One day, I went to my friend’s house and just sat outside on the swings that he had there. I stared and just looked at the sky. Watching the stars, and looking at what they make. Finally, she came. She sat on the swing beside me. She told me she had just broken up with her boyfriend. (I felt like leaping for joy at to what I heard. But my happiness was soon cut, ounce I looked at her face, what seemed as a sad face.) She couldn’t even look at me in the eyes; she just stared and stared at the floor between her feet, the same way as she did when I told her I liked her. Something was wrong; I hugged her close to me, and then walked inside my friend’s house. Then, as I sat on the couch inside, she soon followed and lay down on the floor between my feet, with her head under my own. I looked at her and just wondered if I was the reason for her sadness, for her pain. I looked at her eyes, as she looked at mine. She smiled, and I smiled back to her. I leaned my head forward and we kissed. I knew everything was perfect. Just like her.

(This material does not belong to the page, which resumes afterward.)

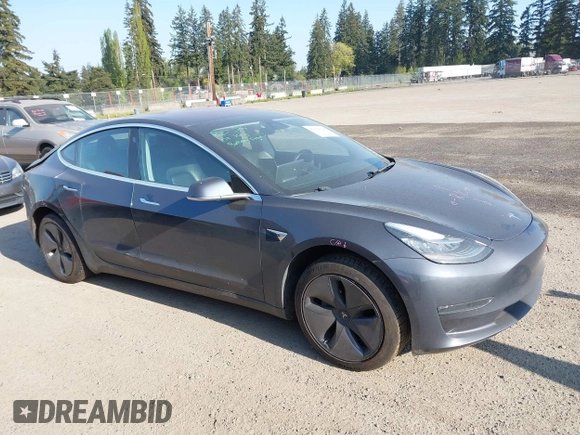2018 Tesla Model 3 Long Range Battery with VIN 5YJ3E1EA1JF021139, listed as a IAAI auction lot 42116626 with 83,003 mi miles and . Bid and sale history available at DreamBid. Image 13.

I never believed in hope, I always though that thing comes and then they go. What is the point of HOPING for a specific thing? But “There are no hopeless situations; there are only men who have grown hopeless about them”. As I kissed her that night I hoped it would never end, she taught me what hope was, and what it could be. “True hope is swift and flies with swallow’s wings; Kings it makes gods, and meaner creatures kings”, and then and there, I felt like a god.